Indexing stops when a few MiddleManagers become stale

Hi,
I have noticed recently that when my Kafka Consumers using tranquility-core consistently fail to send to a handful of middleManagers tasks say (18 out of 60), there is a complete data loss(Out of 25 million per minute only less than 10K is being pushed). The 18 tasks reside on two middleManagers and when I removed the middle Managers the data flow was back to normal. If I had set the replication to 2 then I would have had another set of segments that could potentially save me from this data loss.

Is this the intended behaviour?

Is there a configuration I am missing that could help me circumvent this to an extent?

Or Is this an improvement that can be thought of that could mark down these nodes and not send data at all?

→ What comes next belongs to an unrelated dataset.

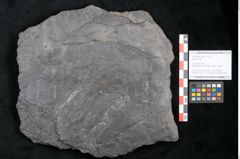 Foto (Objekt + Etikett) von Plantae indet.  (NHMW-GEO-2024-0188-11544)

Would like to hear your thoughts on this

I am running on Druid 0.8.2

Tranquility 0.7.2

Replication : 1

Thanks,

Ram

Hey Ram,

Tranquility will retry sending events to the indexing tasks if they don’t receive a successful response; one possibility is that because of the constant retrying, Tranquility’s buffers fill up with data which never gets sent out. This would manifest itself by your call to send() blocking if tranquility.blockOnFull=true (default) or getting a BufferFullException if it is false. Some configuration options you can try (from https://github.com/druid-io/tranquility/blob/master/docs/configuration.md) include druidBeam.firehoseRetryPeriod, tranquility.maxBatchSize, and tranquility.maxPendingBatches, but these settings would be more useful for handling burst loads and transient failures, not consistent middle manager failures. Do you know the reason why the 18 of your tasks are failing?

The tasks were failing because they belonged to two machines that were not accepting any incoming connections. Thank you for pointing me to the blockOnFull configuration, that should help this situation out in the future.